Re: Shutdown indefinitely stuck due to unflushed FPI_FOR_HINT record

From: Anthonin Bonnefoy <anthonin(dot)bonnefoy(at)datadoghq(dot)com>
To: Michael Paquier <michael(at)paquier(dot)xyz>
Cc: Fujii Masao <masao(dot)fujii(at)gmail(dot)com>, Andres Freund <andres(at)anarazel(dot)de>, Alexander Lakhin <exclusion(at)gmail(dot)com>, PostgreSQL Hackers <pgsql-hackers(at)postgresql(dot)org>
Subject: Re: Shutdown indefinitely stuck due to unflushed FPI_FOR_HINT record
Date: 2026-03-17 16:51:40
Message-ID: CAO6_XqqaaejpuoQ5y04n6tX6ZdsWLtEyvyV3fEm2A9tSaWL5qw@mail.gmail.com
Views: Whole Thread | Raw Message | Download mbox | Resend email
Thread:
Lists: pgsql-hackers

On Tue, Mar 17, 2026 at 12:26 AM Michael Paquier <michael(at)paquier(dot)xyz> wrote:
> This stuff seems sensible enough that I think we should at least have
> a test, no?
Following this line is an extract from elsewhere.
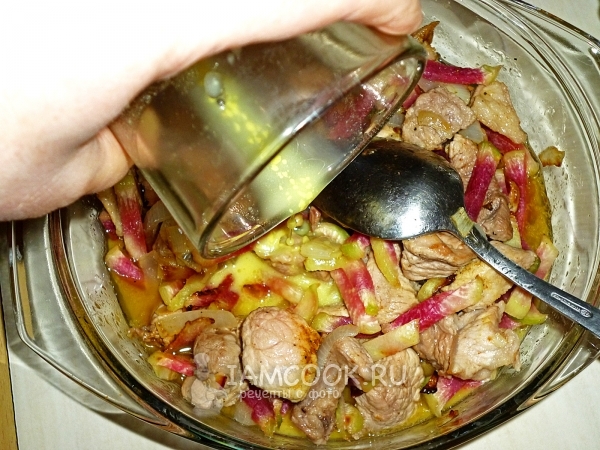 Влить горчичную воду к мясу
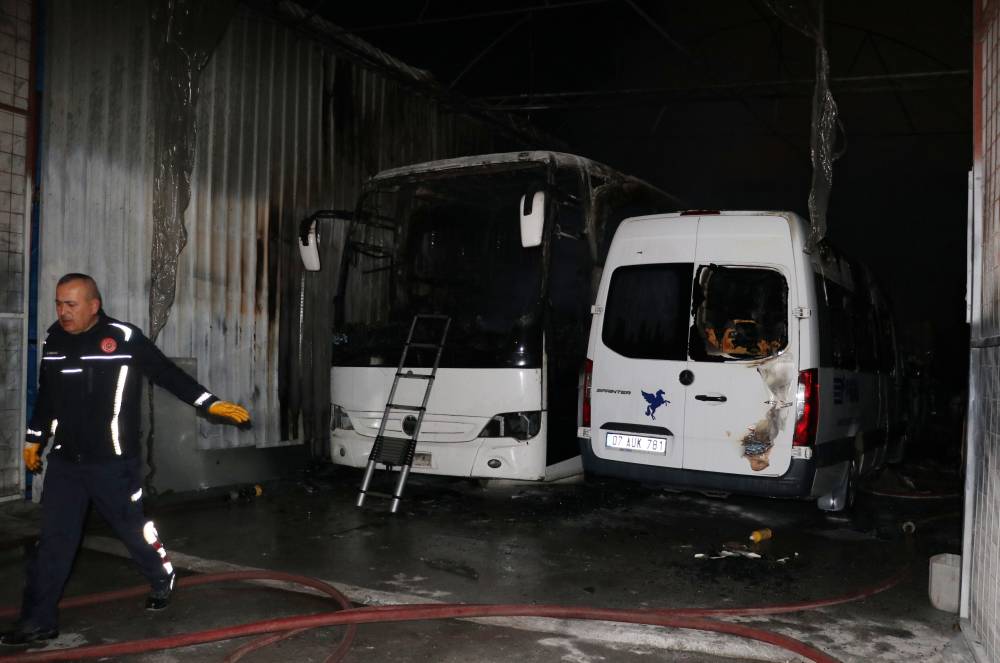 Oto tamir dükkanındaki yangında yaşamını yitirdi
It does not have to be absolutely perfect in terms of
> reproducibility, just good enough to be able to detect it across the
> buildfarm. We already do various things with page boundaries in WAL
> during recovery, and a shutdown could be perhaps timed to increase the
> reproducibility rate of the issues discussed?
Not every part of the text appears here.